Hariciliğin Temel İnançları ve Görüşleri:

  1. Hüküm yalnızca Allah’a aittir: Haricîler, hüküm verme yetkisinin yalnızca Allah’a ait olduğunu savunurlar. İnsanların, bu konuda bir karar verme yetkileri yoktur. Ali bin Ebu Talib’in hakemlik kararını kabul etmesi, onlar için büyük bir sapma olarak görülmüştür.
  2. İman ve İslam’ın Tanımı: Haricîler, imanın sadece inançla değil, aynı zamanda eylemlerle de ilgili olduğunu savunurlar.
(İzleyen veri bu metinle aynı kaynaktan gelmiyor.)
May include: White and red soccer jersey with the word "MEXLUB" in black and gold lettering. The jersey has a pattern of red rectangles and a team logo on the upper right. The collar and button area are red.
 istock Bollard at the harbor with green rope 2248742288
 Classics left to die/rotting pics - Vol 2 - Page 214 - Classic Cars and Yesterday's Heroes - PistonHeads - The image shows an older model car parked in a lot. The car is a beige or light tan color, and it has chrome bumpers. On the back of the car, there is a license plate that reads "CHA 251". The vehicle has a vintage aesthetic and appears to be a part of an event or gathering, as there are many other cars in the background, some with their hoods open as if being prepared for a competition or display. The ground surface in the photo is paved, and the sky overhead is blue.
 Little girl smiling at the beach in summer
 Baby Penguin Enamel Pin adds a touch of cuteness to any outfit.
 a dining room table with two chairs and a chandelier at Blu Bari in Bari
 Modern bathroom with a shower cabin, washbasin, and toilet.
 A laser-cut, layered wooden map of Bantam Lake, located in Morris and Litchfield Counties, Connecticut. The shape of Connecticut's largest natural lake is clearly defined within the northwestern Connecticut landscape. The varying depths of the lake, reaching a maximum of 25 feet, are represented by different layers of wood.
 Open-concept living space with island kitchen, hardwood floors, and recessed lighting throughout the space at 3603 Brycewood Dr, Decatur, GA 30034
Yani, bir kişi doğru inançlara sahip olsa bile, eylemleri ve davranışları da İslam’a uygun olmalıdır. Eğer bir kişi büyük günah işlerse, o kişi dinden çıkmış sayılır.
  3. Cemaatten Ayrılma: Haricîler, kendi görüşlerine uymayan ali ve muaviye taraftarlarını kâfir olarak kabul ettiler ve bunlarla hiçbir şekilde ilişkide olmamayı savundular. Bu anlayışları, onları zamanla diğer Müslümanlardan ayırdı ve kendi cemaatlerini oluşturdu. Ali’nin ordusunda yer alıp sonra ayrılanlar, Haricîliğin ilk savunucuları oldular.
  4. Büyük Günah ve Küfür: Haricîler, büyük günah işleyen herhangi bir Müslümanı kâfir olarak kabul ederler. Bu, onların katı inanç sistemlerinin bir parçasıdır ve onları diğer mezheplerden ayıran önemli bir özelliktir. Büyük günah işleyenlerin tövbe etmeden öldüğü takdirde cehenneme gideceklerine inanırlar.
  5. Bireysel Özgürlük ve Direniş: Haricîlik, özellikle haksız yönetime karşı direniş anlayışını vurgular. Eğer bir Müslüman, adil bir yönetimi görmüyorsa, direnme hakkı olduğunu savunurlar. Bu, onları tarihsel olarak birçok isyanın içinde yer alan bir grup haline getirmiştir.

Haricîlerin Siyasi Görüşleri:

Haricîler, siyasi bir hareket olarak da çok önemli bir rol oynamışlardır. Onlar için bir yönetici, sadece Allah’a yakın ve adil olmalıydı. Eğer yönetici, halkını adaletsiz bir şekilde yönetirse, o yöneticiye karşı savaş açma hakkına sahiptiler.

  • Ali bin Ebu Talib’e karşı başlattıkları isyanlar, Haricîliğin sadece dini bir hareketten ziyade siyasi bir hareket olarak da şekillenmesine yol açmıştır. Haricîler, Ali bin Ebu Talib’i ve ona karşı çıkanları kâfir saymış ve onlara karşı savaşa başlamışlardır.
  • Nihayetinde Haricîler, Ali’nin ordusundan ayrılan ve kendi yolunu seçen bir grup olarak, ilk zamanlarda siyaseten oldukça etkili olmuşlardır. Ancak, zamanla içlerindeki bazı grupların farklı görüşler nedeniyle bölünmeleri, hareketin gücünü zayıflatmıştır.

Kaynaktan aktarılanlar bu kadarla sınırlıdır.